Yun Jin-seong, played by the talented Sung Ji Hyo, and Kim So-hee, played by the lovely Park Han-byul, are two best friends who attend an all girls school for the arts. Both are talented ballet dancers, but it obvious to all, even from the outset, that Kim So-hee is far more talented than Yun Jin-seong. Regardless, despite Yun Jin-seong's occasional feelings of jealousy at the position Kim So-hee enjoys because of her skill, both girls truly seem to care for the other in a way that, at least to me, border on romantic.*

However, as the film progresses, we come to understand that Jin-seong's occasional flares of jealously aren't quite as innocent as they seem. Jin-seong's and So-hee's friendship turns overtly sour when they find themselves competing for a single spot in a Russian ballet school. though So-hee desperately tries to maintain their friendship, Jin-seong violently rejects her leading to a series of events in which she acts on the old legend of the "Wishing Stairs". Jin-seong selfishly wishes for a place in the prestigious arts school, and in a shocking turn of events, she gets it, at the cost of her best friend' life. However, there is one person who, unbeknown to Jin-seong, cannot let So-hee go. Using the "Wishing Stairs", the extremely odd character of Eom Hye-ju wishes for So-hee to be resurrected...and that's when things take a turn for the worse.


*The other films in the series have, according to Wikipedia, a focus on the taboo of lesbian affairs in an all-girls school.


  1. This sounds interesting. Thanks for recommendation. I am not really into horror genre, but if it's more about psychological games than gallons of blood & random violence, I think I might be interested.

    There's one aspect of it, though, that I am not sure I like: demonization of female friendship. Did you notice that movies (and books, I guess) often portray close female friendship as strange and unnatural? They are rarely portrayed as honest, loyal and true like male friendships are portrayed: there's always something either borderline lesbian or obsessive, or weird about close female friendship. As if the only friendship females are allowed to have is superficial, "let's gossip and swap clothes" type.

  2. @Mira:

    Yeah, the "gore", if one could call it that, is minimal (PG-13-U.S. Rating Stuff). It's more a mystery/drama piece than anything else.

    Also, I could see how it could be viewed that way. However, and I could definitely be wrong about this, I didn't find their relationship to be strange and unnatural, just strained at times by Yun Jin-seong's jealousy. Borderline lesbian, however? Yeah, I agree, I did have a problem with that aspect of it. (Makes a note to edit review later/offer viewer discretion warning).
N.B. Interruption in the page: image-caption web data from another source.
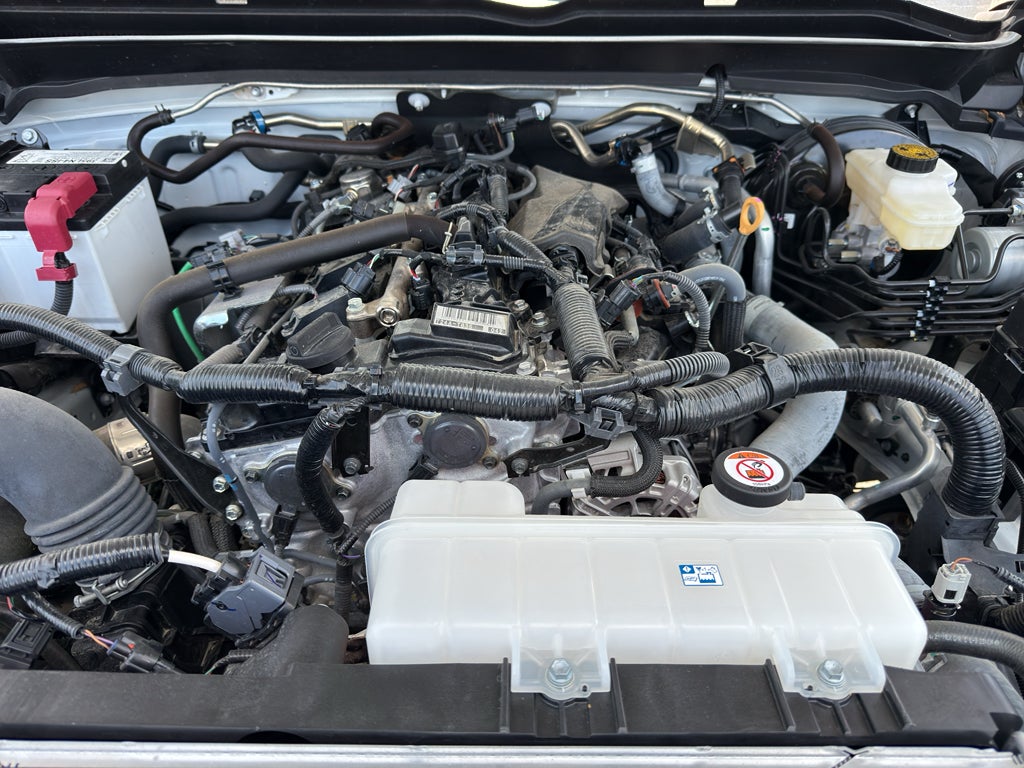 2025 Toyota Tacoma 2WD SR5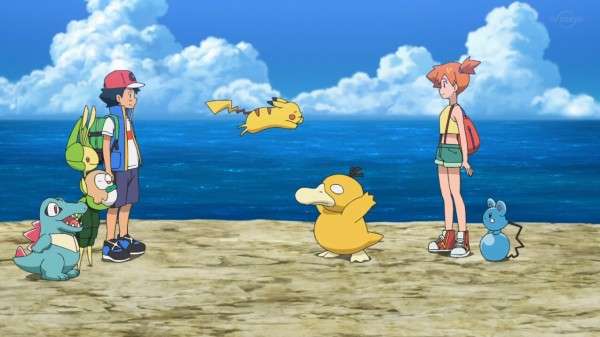 ポケモンで好きな話（アニメ、映画）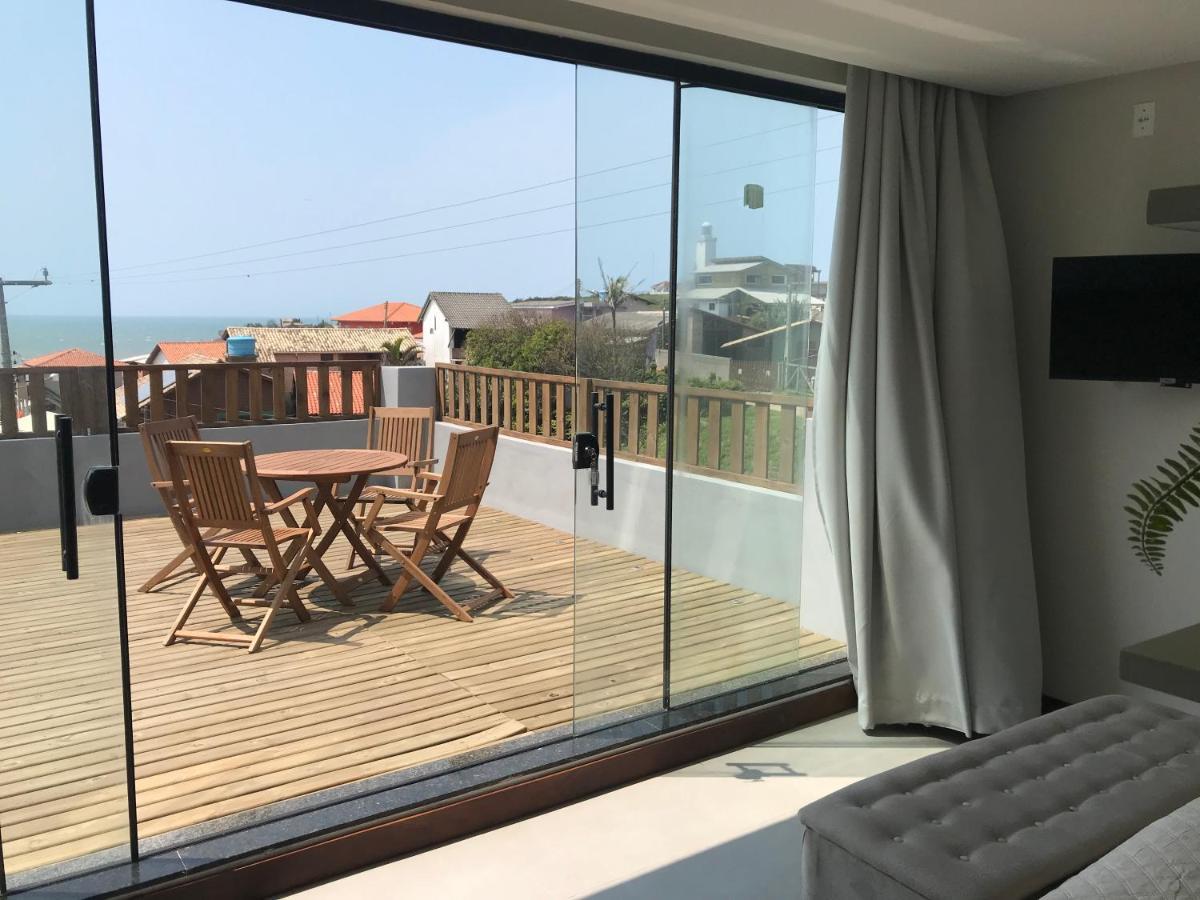 Apart Hotel Farol De Santa Marta - Loft 223 Exterior photo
Was it enough to completely turn me off to it? Not quite, but then again I'm a straight male, so I definitely have a bias (Makes another note to edit review with this info).
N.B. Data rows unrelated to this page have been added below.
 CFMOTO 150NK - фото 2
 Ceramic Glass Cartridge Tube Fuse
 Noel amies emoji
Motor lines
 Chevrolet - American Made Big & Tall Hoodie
    Also, you're absolutely right. Male friendships, in most instances, seem to have this "purity" about them, whereas female friendships do seem false, borderline lesbian, or strained. The only contemporary movie I can think of that showed a male friendship as being false was the newer version of the Count of Monte Cristo.

    Hm...looks like I have another post idea after the my next "Race and Contemporary Hollywood" post. Thanks!

  3. Well, I have nothing against lesbians, and I have nothing against straight males liking them. In fact, I understand this (not sure how to say this gracefully, but I tend to like watching men kissing and what not in movies, and the most passionate movie kiss I've seen was between two men. So you could say I understand this).

    Still, it is true female friendship is often demonized in movies. I can't think of any example in which females were allowed to have a strong, loyal friendship that didn't end up being either romantic love or something creepy.

    I even blogged about this (if you don't mind my shameless plug:

    On Female Friendship )

    Hm...looks like I have another post idea after the my next "Race and Contemporary Hollywood" post. Thanks!

    I'm glad I helped. Can't wait for the new blog post!

  4. I hear you. However, I should probably put a disclaimer up or something. I don't want people thinking I've got some kind of strange fetish just because I recommended this movie, lol.

    Also, feel free to plug away. Mon maison est ton maison.